I felt like I’d been run over by a bus, trampled by an elephant, and dragged behind a jet boat going Mach 10 over rocky river rapids. Until this point, I’d been self-trained in the art of assassination. I had no experience in combat. Common sense and my preternatural skills were what made me good at my job. Raif had thrown all of my arrogant misconceptions of myself on the floor and stomped them—hard. He’d worked me up one side and down the other.

Tyler showed up at my apartment just as I was dressing my wounds. I’d have to seriously reconsider my open-door policy with him. Since our impassioned kisses, he’d grown bolder, or at least more confident in his off-work-hours status with me. And Tyler was very stubborn.

I used my dining room table as a makeshift triage station. I’d already disposed of the torn spandex shirt I’d been wearing and tossed the pants as well. Perching on top of the table in a tank top and underwear was not a good way to get Ty to calm his libido.

His eyes looked like they were about to jump out of his head—like a cartoon character’s after he’s seen a pretty girl.
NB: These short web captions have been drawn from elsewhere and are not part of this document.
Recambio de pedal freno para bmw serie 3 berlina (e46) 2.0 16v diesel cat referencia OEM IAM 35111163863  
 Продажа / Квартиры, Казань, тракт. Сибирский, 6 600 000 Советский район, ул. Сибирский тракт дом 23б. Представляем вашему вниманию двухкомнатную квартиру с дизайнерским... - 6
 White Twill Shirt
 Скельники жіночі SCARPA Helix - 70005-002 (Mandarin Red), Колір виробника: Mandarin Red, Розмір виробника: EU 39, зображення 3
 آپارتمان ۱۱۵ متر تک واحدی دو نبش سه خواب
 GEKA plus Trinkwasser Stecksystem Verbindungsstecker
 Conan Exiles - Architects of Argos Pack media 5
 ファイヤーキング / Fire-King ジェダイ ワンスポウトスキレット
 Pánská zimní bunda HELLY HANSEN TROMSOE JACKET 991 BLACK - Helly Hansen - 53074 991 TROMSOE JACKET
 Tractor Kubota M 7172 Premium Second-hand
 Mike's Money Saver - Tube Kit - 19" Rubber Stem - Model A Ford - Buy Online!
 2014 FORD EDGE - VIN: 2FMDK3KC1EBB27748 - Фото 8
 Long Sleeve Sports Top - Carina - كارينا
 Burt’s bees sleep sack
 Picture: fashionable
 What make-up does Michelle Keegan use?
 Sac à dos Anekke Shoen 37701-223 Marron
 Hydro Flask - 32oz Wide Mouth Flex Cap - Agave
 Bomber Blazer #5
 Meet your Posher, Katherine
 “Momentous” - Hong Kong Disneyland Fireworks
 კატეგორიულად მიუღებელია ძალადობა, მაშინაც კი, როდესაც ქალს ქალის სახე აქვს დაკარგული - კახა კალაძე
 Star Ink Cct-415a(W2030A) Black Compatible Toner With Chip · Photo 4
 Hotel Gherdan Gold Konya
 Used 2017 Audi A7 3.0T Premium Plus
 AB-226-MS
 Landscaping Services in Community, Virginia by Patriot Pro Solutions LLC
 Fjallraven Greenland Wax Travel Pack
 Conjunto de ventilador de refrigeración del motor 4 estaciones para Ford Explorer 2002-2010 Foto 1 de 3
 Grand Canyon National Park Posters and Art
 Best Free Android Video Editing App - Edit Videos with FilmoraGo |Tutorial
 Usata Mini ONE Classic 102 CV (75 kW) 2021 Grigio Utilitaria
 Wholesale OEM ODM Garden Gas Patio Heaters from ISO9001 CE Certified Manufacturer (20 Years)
But it only lasted a second once he noticed the bowl of bloody water and my sliced skin.

“Hell, Darian! What happened?”

Ass-tired and scored like a marinating steak, I wasn’t sure I wanted to exert the effort to recount the details of my Ultimate Fighter training session. “It’s no big deal. I’m fine; I’ll heal. Our boy from the other night has arranged for me to receive some job training à la a medieval warrior. I guess I’m not up to snuff.”

I grabbed the soaking rag and wrung the pink-tinged water from it. That’s as far as I got. Tyler didn’t waste a second to wrangle it from my grasp. He didn’t speak. He didn’t even look me in the eye. With gentle swipes, he tended each and every wound, rinsing the rag and starting all over. When he was done, he dried the excess moisture from my sliced skin and covered each cut with gauze, taping it in place. It took a half hour at least to dress the deeper cuts, and another fifteen minutes or so for him to check the various scratches that would be gone before I woke in the morning. I didn’t protest or argue; just simply let him do what he had in mind to do.